Buntuje się o każdy drobiazg – to, co kiedyś nie było czymś ważnym, dziś urasta do rangi wielkiego problemu. Wychodzi z domu, trzaskając drzwiami i denerwując się, że znowu musi się tłumaczyć, gdzie idzie, z kim i o której godzinie wróci. Nie chce chodzić do szkoły, wychodząc z założenia, że jest nudna i że nie chce mu się uczyć. Chce być jak najbardziej niezależny, choć nie zawsze jeszcze potrafi poradzić sobie samodzielnie w wielu sytuacjach życiowych. I jak tu z nastolatkiem porozmawiać o jego problemach, kiedy rodzic często traktowany jest jak „zło konieczne”? Bo nakazuje, wypytuje, zabrania, wymaga…

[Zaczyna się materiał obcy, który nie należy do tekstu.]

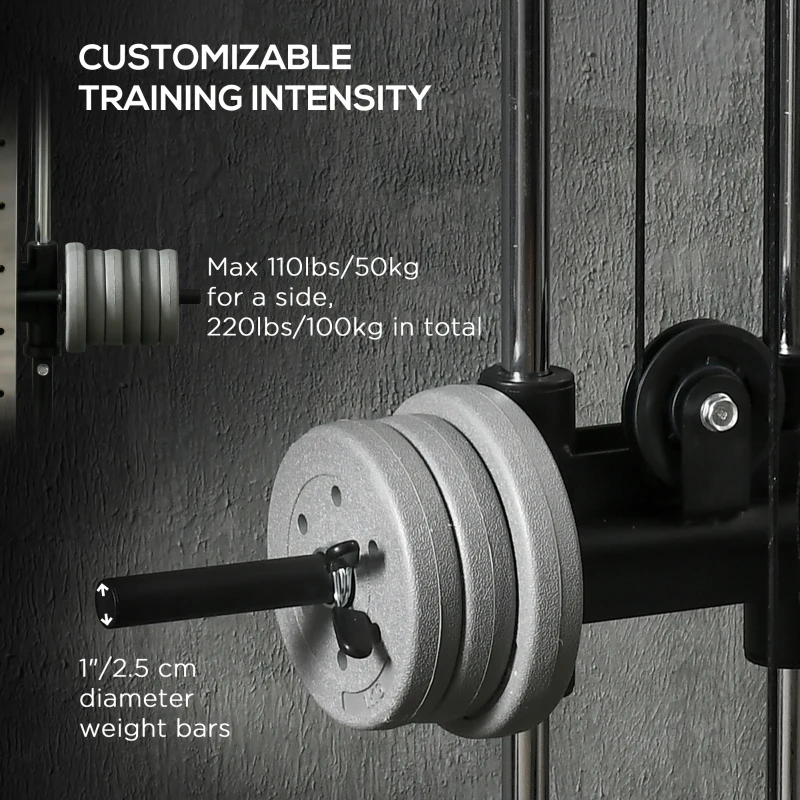 Soozier Wall Mount Cable Station, 15 Positions Adjustable Dual Pulley Machine Cable Crossover Machine for Home Gym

Okres dojrzewania, który zaczyna się ok. 13 roku życia i trwa do mniej więcej 19 lat, to czas nie tylko wielu zmian fizycznych, ale również w psychice. Kończy się etap dziecka wierzącego prawie we wszystko, a zaczyna się coraz bardziej krytyczne postrzeganie innych i świata oraz kształtowanie własnych przekonań i poglądów. Rodziców zaczyna przerażać nie to, że nastolatek się denerwuje, ale sposób, w jaki wyraża swój gniew. Skrajność zachowań to efekt m.in. hormonów, huśtawki emocjonalnej, której młody człowiek nie potrafi jeszcze do końca okiełznać. Rolą rodzica jest przede wszystkim jednak podtrzymywanie kontaktu z dzieckiem, które powinno czuć, że jest przez niego akceptowane i że może mu zaufać. Biorąc pod uwagę, że nastolatek w okresie dojrzewania jest bardzo wrażliwy na swoim punkcie i że wiele rzeczy odbiera przeciwko sobie, to warto wysyłać mu bardzo przemyślane komunikaty. Nie chodzi więc o to, aby cały czas krytykować dziecko, ale umieć też je pochwalić, wysłać więcej pozytywnych, niż negatywnych komunikatów. Jeśli straci ono do rodzica zaufanie, to wówczas ciężko będzie je ponownie odzyskać. Nastolatek, jak każdy człowiek, zasługuje na szacunek.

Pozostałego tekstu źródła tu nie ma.